The Roundup Riders of the Rockies was founded in 1948, and is recognized statewide as a significant group of horsemen from many backgrounds, businesses and professions. The Heritage and Trails Foundation was established as a 501(c)3 organization in 1988 to raise funds for trails and education. HTF grant recipients include the Colorado Trail Foundation, the Continental Divide Trail Alliance, the 10th Mountain Hut Association, the Highline Canal Preservation Association, Douglas County Division of Open Space and Natural Resources, and the USDA Forest Service.

Rollin D. Barnard, President of the RRR/HTF, points out that the first Treasurer of their organization was an early owner of the Caribou Ranch, Mr. L.W. Van Vleet, and that the current owner, Jim Guercio, is also a member of their group. "We consider the Caribou Ranch to be a very important historic and present-day venue for our group's activities, as well as for other equestrians and hikers, "he said. "We are impressed with BCHA's objectives and believe their plan for trails on the property is exactly the type of project our Foundation was created to assist. We hope that Boulder County agrees to take BCHA up on its generous offer, and we look forward to receiving a specific financial proposal from BCHA for this project in the near future."

Information on the Roundup Riders of the Rockies' Heritage and rails Foundation may be obtained from:

Rollin D. BarnardPresident, RRR/ HTF9902 No. Heather Dr., Castle Rock, CO 80104-9133303-858-0465

[Post Script: The Board of County Commissioners unanimously approved staff's Caribou Ranch Management Plan on October 15, 2002. This plan consists of a two mile loop trail starting from the Mud Lake property adjacent to the south end of Caribou Ranch.

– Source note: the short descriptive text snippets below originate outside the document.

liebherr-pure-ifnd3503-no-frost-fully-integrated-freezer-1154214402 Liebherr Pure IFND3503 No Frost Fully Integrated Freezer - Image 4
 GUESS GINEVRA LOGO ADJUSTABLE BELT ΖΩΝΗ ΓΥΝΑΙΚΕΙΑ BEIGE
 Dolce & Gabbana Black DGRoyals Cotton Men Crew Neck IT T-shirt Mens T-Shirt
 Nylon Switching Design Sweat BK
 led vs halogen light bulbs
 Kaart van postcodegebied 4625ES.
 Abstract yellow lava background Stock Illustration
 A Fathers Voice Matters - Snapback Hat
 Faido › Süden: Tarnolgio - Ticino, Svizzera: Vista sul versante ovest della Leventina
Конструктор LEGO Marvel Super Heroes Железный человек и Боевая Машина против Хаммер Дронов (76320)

The trail would utilize a short portion of the Switzerland Trail as far as the Bluebird mine and town site, returning via an old ranch road past the Delonde Homestead. The County plans to take another six years to open this short trail, which will be open to pedestrians and equestrians only under the original terms of the acquisition. The northward extension of the Switzerland Trail, from Bluebird to the Rainbow Lakes Road, is still under negotiation with the Guercio family, BCHA, the RRR/HTF, BCPOS and the US Forest Service. BCHA and RRR/HTF have advised the County that their offer of trail assistance will be activated only upon successful completion of this negotiation.]